Contains weekly updates for my proposal on Implementing RL methods in mlpack.

Week 12

10th August - 23rd August , 2020.

Since I had started early, I had one more week before the final work submission. So I thought, why not include this week’s contributions and present the results together. So, here’s my last blog post in this series. I hope u like it!

Contributions:

As a quick recap, the I was able to complete the extensions: Noisy DQN, N-step, Categorical and Dueling, on time(according to the proposed timeline). Since I had started working on Soft Actor-Critic while developing those, it gave me a head start. So, by week 9, my basic implementation was ready. But the real challenge was to find the hidden bugs in Categorical and Soft Actor-Critic, which caused all the agents to fail miserably. The last two weeks were spent exclusively on searching for them, and eliminating them. But eventually the tests passed and both implementations are now a part of mlpack!

This week was mostly spent on training and testing Soft Actor-Critic on Bipedal Walker. At first, I tried training the agent on jupyter, but the time taken for each step was huge (3 hrs to train for 200 episodes!). Since the state space of the Bipedal Walker contains 24 independent spaces, the agent had to have a good number of hidden layer nodes (atleast 128 according to intuition). So, there was no other option but to train the agent locally and add the trained model to the notebook for testing.

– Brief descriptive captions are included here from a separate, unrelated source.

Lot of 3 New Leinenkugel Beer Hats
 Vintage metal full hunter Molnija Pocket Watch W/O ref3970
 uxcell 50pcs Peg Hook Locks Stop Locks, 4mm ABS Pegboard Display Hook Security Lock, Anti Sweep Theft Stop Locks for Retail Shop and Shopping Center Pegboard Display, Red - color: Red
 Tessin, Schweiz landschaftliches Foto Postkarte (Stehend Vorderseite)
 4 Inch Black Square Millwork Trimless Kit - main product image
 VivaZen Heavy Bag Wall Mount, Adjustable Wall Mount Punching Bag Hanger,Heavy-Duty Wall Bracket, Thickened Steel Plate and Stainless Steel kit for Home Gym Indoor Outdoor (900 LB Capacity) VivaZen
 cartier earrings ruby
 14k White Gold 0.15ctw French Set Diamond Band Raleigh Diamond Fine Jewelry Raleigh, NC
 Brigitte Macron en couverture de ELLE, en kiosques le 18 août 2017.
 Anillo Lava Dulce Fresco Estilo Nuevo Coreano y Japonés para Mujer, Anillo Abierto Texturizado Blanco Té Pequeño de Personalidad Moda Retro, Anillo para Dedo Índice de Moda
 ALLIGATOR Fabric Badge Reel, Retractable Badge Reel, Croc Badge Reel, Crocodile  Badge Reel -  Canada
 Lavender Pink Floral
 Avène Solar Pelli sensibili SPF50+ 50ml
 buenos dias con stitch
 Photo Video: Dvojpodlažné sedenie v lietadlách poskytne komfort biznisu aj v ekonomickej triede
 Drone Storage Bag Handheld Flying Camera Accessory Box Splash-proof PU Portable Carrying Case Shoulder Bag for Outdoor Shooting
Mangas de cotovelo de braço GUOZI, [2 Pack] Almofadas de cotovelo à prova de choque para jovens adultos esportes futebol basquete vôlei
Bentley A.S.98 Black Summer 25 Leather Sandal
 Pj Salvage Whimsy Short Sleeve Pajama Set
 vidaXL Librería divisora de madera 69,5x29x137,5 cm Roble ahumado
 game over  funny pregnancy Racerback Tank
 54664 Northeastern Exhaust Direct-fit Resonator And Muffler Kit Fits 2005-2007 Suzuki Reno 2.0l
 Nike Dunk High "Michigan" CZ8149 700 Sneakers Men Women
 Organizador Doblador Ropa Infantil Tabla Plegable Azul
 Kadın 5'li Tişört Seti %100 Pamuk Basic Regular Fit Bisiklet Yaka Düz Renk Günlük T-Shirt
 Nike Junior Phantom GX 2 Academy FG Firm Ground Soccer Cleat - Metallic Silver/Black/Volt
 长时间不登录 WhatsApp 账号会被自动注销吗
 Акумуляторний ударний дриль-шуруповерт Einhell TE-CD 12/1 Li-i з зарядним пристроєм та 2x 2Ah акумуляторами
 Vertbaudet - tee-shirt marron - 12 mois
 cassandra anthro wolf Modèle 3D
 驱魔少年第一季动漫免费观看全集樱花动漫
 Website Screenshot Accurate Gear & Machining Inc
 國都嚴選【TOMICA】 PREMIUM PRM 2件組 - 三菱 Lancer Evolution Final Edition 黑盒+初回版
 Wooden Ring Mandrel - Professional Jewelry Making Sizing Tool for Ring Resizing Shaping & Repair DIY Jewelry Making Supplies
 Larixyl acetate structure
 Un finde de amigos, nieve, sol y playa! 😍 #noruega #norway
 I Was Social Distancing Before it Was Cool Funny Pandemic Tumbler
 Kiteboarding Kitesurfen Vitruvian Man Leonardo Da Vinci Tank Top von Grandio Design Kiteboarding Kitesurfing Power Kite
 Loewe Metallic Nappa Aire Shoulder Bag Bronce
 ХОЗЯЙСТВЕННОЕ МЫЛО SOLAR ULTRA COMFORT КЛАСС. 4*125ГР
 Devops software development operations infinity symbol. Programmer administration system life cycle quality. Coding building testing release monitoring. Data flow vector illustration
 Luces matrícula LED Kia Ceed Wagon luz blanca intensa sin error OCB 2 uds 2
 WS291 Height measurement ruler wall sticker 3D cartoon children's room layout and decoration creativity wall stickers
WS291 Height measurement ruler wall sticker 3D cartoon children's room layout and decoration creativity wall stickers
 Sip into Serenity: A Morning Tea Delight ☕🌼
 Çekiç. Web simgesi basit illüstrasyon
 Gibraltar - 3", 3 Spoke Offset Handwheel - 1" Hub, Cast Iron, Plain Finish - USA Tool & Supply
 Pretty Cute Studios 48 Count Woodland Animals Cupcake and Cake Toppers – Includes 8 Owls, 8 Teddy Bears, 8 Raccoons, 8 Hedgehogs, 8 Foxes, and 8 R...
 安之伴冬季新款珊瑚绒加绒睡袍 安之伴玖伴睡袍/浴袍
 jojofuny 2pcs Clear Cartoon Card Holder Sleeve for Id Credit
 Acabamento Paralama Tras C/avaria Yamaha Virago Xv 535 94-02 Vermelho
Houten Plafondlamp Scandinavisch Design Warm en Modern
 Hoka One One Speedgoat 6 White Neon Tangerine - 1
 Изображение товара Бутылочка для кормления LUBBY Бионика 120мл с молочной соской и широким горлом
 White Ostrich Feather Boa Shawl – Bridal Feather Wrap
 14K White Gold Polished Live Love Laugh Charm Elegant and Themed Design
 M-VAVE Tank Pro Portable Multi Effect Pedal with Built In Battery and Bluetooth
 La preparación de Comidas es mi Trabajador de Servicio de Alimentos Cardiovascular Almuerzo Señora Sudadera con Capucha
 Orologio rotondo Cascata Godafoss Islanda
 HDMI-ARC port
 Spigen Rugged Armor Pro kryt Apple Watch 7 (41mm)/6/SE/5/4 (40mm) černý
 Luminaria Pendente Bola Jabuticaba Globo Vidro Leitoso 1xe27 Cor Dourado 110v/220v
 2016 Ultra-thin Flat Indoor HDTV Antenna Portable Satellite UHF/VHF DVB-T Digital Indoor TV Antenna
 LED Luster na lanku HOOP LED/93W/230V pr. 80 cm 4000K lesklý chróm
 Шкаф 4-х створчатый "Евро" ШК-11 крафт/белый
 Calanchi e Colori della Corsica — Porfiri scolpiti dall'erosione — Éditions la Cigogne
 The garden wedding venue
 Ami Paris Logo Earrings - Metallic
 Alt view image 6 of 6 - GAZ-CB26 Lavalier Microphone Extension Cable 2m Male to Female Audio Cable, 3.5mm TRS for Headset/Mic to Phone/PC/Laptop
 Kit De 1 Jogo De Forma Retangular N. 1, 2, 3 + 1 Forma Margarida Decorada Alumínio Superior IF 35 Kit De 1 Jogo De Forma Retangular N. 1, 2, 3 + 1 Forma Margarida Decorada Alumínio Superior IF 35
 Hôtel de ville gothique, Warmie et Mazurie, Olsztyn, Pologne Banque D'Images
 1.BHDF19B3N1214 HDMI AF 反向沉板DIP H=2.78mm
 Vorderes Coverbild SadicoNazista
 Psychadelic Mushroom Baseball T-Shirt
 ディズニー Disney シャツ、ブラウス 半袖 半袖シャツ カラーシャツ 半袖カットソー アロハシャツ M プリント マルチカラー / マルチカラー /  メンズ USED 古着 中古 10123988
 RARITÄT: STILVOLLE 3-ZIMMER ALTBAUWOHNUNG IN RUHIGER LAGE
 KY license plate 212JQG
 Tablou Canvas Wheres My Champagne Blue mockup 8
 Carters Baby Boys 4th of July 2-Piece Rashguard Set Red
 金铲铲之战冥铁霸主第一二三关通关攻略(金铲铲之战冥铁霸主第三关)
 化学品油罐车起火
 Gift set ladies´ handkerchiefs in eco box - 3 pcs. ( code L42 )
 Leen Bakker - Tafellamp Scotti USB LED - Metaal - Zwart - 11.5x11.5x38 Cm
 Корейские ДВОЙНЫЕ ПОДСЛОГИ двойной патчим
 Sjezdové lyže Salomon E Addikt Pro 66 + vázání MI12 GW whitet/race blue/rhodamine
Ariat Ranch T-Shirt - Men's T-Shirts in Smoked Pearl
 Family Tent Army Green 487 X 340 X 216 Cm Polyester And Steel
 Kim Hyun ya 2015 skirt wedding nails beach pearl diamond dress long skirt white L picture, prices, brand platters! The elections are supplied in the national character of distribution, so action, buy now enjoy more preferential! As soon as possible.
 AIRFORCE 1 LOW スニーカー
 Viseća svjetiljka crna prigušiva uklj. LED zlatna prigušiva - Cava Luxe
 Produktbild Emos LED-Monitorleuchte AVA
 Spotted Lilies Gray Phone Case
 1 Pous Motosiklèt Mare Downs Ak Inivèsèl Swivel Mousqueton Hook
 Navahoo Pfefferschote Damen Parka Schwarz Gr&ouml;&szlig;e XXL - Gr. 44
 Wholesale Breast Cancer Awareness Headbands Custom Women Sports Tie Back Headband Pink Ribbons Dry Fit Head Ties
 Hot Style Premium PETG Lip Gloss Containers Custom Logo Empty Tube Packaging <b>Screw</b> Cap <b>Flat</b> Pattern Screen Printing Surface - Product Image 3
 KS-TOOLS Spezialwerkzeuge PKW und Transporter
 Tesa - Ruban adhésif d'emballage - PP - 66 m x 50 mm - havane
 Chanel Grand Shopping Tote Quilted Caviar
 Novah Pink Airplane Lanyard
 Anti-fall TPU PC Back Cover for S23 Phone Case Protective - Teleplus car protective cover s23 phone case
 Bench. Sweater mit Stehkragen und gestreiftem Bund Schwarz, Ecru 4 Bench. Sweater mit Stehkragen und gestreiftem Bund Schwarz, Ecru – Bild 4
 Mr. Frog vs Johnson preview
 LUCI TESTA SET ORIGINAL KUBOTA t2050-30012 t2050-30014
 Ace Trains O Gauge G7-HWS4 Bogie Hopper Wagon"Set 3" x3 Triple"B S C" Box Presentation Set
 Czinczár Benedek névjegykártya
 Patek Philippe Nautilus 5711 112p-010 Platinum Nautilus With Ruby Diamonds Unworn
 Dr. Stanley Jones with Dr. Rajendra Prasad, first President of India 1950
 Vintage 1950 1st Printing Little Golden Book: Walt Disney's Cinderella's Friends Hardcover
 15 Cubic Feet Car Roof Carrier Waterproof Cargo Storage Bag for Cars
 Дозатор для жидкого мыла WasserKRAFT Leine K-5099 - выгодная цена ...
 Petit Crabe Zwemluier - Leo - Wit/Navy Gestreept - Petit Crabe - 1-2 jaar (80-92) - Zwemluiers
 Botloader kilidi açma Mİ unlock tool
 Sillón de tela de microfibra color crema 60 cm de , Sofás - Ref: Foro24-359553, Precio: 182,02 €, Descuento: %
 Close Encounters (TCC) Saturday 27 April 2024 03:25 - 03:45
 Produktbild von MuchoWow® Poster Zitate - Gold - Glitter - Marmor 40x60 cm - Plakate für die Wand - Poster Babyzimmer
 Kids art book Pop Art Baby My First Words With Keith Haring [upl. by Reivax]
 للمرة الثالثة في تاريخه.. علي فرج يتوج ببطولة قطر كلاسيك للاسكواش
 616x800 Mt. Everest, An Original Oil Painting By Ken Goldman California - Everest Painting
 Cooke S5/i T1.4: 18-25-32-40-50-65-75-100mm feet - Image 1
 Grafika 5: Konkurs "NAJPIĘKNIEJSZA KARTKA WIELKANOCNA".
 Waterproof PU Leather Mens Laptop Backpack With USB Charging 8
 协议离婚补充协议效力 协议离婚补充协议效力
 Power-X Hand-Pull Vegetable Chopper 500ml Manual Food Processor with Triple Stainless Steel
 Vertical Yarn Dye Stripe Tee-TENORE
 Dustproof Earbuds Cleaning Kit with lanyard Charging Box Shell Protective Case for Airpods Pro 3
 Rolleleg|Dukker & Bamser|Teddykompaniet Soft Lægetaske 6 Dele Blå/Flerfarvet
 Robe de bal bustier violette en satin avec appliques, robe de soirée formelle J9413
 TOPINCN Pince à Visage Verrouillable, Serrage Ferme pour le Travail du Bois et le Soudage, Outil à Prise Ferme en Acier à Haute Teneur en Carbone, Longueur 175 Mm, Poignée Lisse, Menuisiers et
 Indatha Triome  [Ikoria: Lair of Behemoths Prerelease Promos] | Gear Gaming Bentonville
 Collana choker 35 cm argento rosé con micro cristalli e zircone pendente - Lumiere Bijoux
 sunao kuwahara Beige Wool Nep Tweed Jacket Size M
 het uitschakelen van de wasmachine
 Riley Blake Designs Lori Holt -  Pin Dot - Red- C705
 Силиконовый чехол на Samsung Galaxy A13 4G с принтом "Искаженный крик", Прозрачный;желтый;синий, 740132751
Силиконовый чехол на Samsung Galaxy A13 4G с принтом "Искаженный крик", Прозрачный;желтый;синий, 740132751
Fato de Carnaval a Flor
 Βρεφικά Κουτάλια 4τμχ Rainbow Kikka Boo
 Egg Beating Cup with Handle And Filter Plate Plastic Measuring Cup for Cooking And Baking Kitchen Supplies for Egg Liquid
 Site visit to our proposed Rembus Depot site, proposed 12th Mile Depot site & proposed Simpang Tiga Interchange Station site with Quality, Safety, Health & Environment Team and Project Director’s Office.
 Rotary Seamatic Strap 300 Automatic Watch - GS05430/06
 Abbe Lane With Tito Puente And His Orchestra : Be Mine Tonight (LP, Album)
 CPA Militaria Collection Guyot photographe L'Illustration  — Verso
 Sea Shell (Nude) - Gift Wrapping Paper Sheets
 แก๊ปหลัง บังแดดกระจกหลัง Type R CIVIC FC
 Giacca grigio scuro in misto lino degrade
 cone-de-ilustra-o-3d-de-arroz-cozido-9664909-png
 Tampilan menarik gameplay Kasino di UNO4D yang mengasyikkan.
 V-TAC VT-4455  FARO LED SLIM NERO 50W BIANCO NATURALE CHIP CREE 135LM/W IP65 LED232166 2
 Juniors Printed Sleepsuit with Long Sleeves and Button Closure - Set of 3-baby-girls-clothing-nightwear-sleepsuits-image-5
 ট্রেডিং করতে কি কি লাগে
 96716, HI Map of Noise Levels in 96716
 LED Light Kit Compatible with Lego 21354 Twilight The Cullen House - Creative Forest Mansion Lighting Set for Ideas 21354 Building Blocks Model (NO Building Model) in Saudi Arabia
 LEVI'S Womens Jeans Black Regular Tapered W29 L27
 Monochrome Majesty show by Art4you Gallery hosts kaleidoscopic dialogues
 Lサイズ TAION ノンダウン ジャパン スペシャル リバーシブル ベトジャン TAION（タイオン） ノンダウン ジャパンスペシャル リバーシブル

So, I started traing the agent locally.

As expected, initially after around ~100 episodes, the agent learnt to not fall over by spreading its legs and trying to take small steps forward.

drawing

Finally, after training for ~300 episodes, the agent was able to make the biped walk, although the gait was not satisfactory.

drawing

I tried training for longer, but the performance degraded on training beyond that. So, in order to get some better results, we are left with the only option of making the network deeper. This is quite expected, after-all walking and gait sequence generation is quite complex a task as compared to say balancing an inverted pole on a cart, or a pendulum upside down.

This however increases the training time a lot, making it impossible for me use my laptop for training. I tried training the agent overnight, but after 2 hrs, my machine got super heated and I had the fear of losing my dear laptop. 🧑‍💻❤️

But, training the network remotely on a different machine should do the job. I hope to see mlpack’s SAC making giant leaps on the Bipedal Walker environment soon.

Update 29th August: After getting the agent trained with 2-hidden layers for both Q and policy networks, results were much better. Here’s the output after 620 episodes of training:

drawing

Issue fixed:

A small unnoticed issue was that SAC had not been tested on a multi-action environment like bipedal. But with some minor adjustments PR 2569 in the backward pass, the issue was finally resolved.

Concluding:

I am so glad to see the PRs page. Most of my contributions this summer are now a part of mlpack, something I dreamt of while starting contributing to mlpack. For this, I’m in debt of gratitude to Marcus and Rahul, for those overnight (or sometimes within minutes) reviews, suggestions and comments.